Jeff, you have a point. Like a totally legitimate point. So while I originally planned to make this episode of “The Critics Respond” a stout-ish defense against your allegation, complete with various facts and figures concerning what percentage of my published output contains Accord-related content, I’d rather spend this time talking about the truly odd things that occur at the intersection of talent, opportunity, and motivation.
A while ago I read through an entire book of Peter Egan columns at the urging of our good friend Sam Smith. Shortly before that, I’d read Setright’s Drive On! for the third time. As always, I was struck by Egan’s ability to convey that particular brand of Midwestern friendliness, and I remained in awe of Setright’s unashamed, remarkably eclectic elitism.
This is what I didn’t expect to take away from both books: the remarkable narrowness of their attention.

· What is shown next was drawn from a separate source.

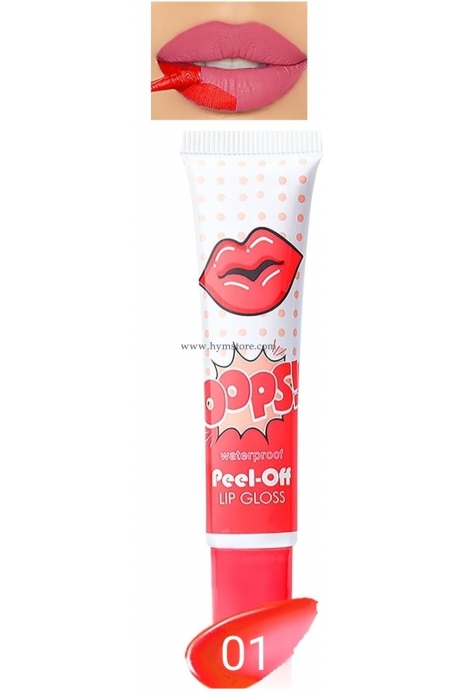 TINTA LABIAL PEEL OFF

Frank Sinatra may have covered the waterfront, but Egan doesn’t look past a couple boards in one particular pier. Rarely does he deviate from formula, even when a deviation would be welcome. The cast of characters is always the same: Egan himself, his wife Barb, and some fellow with a curious amount of money and/or free time.
Setright is, of course, exponentially more literate and educated than Egan, yet his thoughts turn again and again to certain tropes and incidents. It’s remarkably common for him to mention the same thing across multiple books and/or magazine columns, often with identical phrasing. Does Egan rarely get through a column without a complaint regarding British carburetors? Setright appears to have trouble completing a thought without recourse to a very small group of incidents from classical antiquity.

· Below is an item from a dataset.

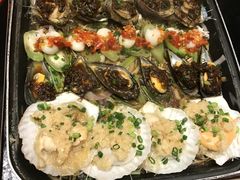 -丰收日·小海鲜·沪上家宴(顾村正大店)
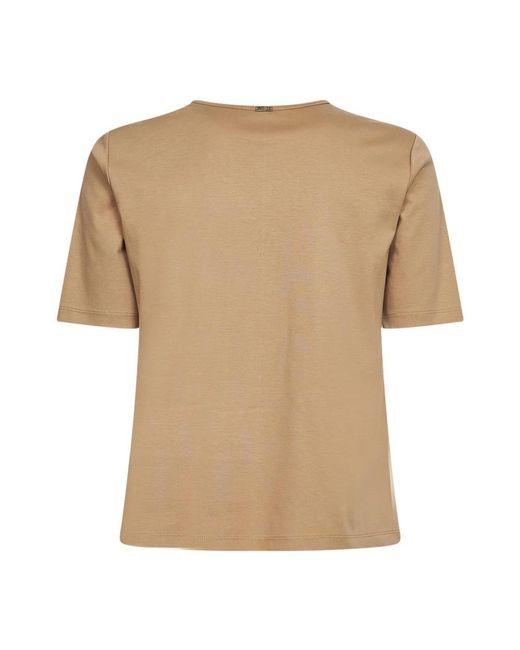 Herno Natural T-Shirts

I have no idea how often people complained about it, but I doubt it was frequent enough to worry either author. They had the advantage of time and space, publishing just one or two columns a month and completing books at their leisure. By contrast, I usually turn out between 4,500 and 8,000 words for publication every week plus another two or three thousand here.
It’s not just about the money, although Egan or Setright were paid a rate that exceeds what modern autowriters get by a factor of twenty or even fifty. It’s about exposure and interaction. If I wrote one thing a month, it would be equivalent to disappearing from the scene. Today’s readers expect to hear from you constantly and if you can’t keep up the pace they will go to someone who will. Let me share a little tidbit with you: the per-article gap in traffic between us and TTAC is remarkably small. The difference is that they run twelve articles a day and we do one or two. If I had enough writers to put up twelve articles a day on this site, we would eclipse everybody short of Jalopnik and Autoblog in a space of months or even weeks.

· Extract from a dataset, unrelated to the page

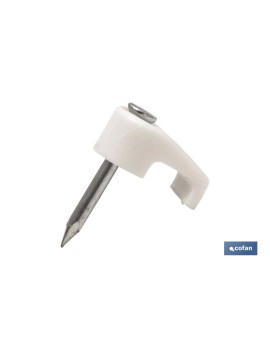 BL 10 UDS GRAPA PLÁSTICO...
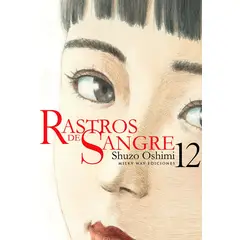 MILKY WAY ESPAÑA - Manga Rastros de Sangre 12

The most popular writers and YouTube clowns in this business spend ten or twelve hours a day engaging their readers everywhere from Facebook to Reddit. For every hour you spend writing, you have to spend four hours discussing that writing with the consumers. I can’t do it. Won’t do it. I won’t go as far as ol’ LJK, who once wrote “It cannot be too widely known that Setright does not correspond with readers” or something to that extent. I’ll respond to comments here on this site and occasionally elsewhere. But I’m not going to have long talks with 12-year-olds online about the fucking Countach.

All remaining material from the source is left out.